The choice of Malraux as a model is significant. He was a Leftist intellectual who also stole artifacts from Angkor Wat—as a public figure at a time when overt colonialism was being dismantled, he represents better intentions than the pure Orientalism of the past, yet also cannot be considered an entirely positive figure. In an era where geopolitics is being renegotiated, Chihying asks if new relationships are really a break with the past, or if—as personified by Malraux—there are still uncomfortable continuities and tendencies.

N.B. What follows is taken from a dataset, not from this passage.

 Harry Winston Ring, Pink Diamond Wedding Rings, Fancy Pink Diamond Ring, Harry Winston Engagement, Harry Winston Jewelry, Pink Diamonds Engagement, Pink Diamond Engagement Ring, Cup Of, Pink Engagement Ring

As a Berlin-based Taiwanese artist, Chihying’s work has dealt with the legacy of colonialism through a variety of means, from humorous videos such as Jog (2014) reflecting on his position as an Asian artist in Europe, to Sound Route: Song of SPECX (2016), a music research collaboration with Wu Chi-Yu and Shen Sum-Sum examining links between Dutch colonization in Indonesia and Taiwan. Some of the themes covered resurface in “I’ll Be Back,” albeit with a more somber tone, a mood heightened by the exhibition’s presentation in a darkened room, most of the non-video pieces only visible through strategic spotlights.
The figure of the (post-) colonial subject as sojourner resurfaces in The Guestbook (2018), a video following Do Do, a Togolese actor, walking through Berlin. He encounters hallucinatory traces of the 1896 German Colonial Exhibition, reads documentation of the German colonization of his home country at the Berlin State Library, and follow clues to the site of “Nanking,” a Chinese restaurant which Chinese statesmen Zhou Enlai frequented when he lived in Berlin in the 1920s. However, the restaurant is long defunct, replaced with a bubble tea café/massage parlor. Talking to the owner, Do Do realizes he is decades too late to meet Zhou, and opts for cupping treatment instead. Filming with an entirely non-white cast, Chihying touches upon the rarely represented multicultural character of Berlin, and poses questions about anti-colonial solidarity. Did Zhou encounter African peers in Berlin, and what impact would they have had on his thinking? What has been left unresolved since he helped bring African states closer to China in the 1950s and 60s?
Other pieces are tied to traditional arts but more focused on the present moment, as China has become a source for investment in Africa in manner different from the anti-imperialist development projects of the previous era. For The Cultural Center (2018), Chihying created commemorative coins for Chinese-built cultural institutions (theaters, museums, etc.) in Africa. The Mask uses sketches, video projections of text, and a sound recording to let an art dealer from Côte d’Ivoire explain the story of five Ivoirian masks now in the possession of the National Museum of China. Letting the dealer speak on behalf of his country’s artifacts restores a sense of agency lost in their collection by a foreign institution. But it also remains ambiguous whether the dealer’s words, read out in Mandarin by an African student based in Beijing, are true or not. Chihying leaves the viewer questioning if both sides see eye-to-eye or are operating on the same level in these cultural and commercial exchanges.
Video elements of The Sculpture address European treatment of illegally acquired African artifacts, and introduce Xie Yanshen, a prolific collector of African art who has provided the National Museum with much of its African holdings. Implicitly, it asks if the privilege to collect and categorize can be separated from power, or if it shall always imply a hierarchical relationship, as evocatively staged in the portrait of Chihying-Malraux. Reexamining the image, the exhibition’s English title may gain new resonance: incongruously, a picture of a Terminator robot from the eponymous Arnold Schwarzenegger-starring movie series (catchphrase: “I’ll be back”) peers out next to the artist. The Terminator’s near-indestructible skeleton contains coltan, a rare metal, which it should come to no surprise, is predominately found in Africa and is used in mobile phones. Undertaken legally, the collection of African arts and crafts might be a comparatively innocuous pursuit, but it can’t be divorced from the pursuit of more valuable resources and the larger forces of power at play.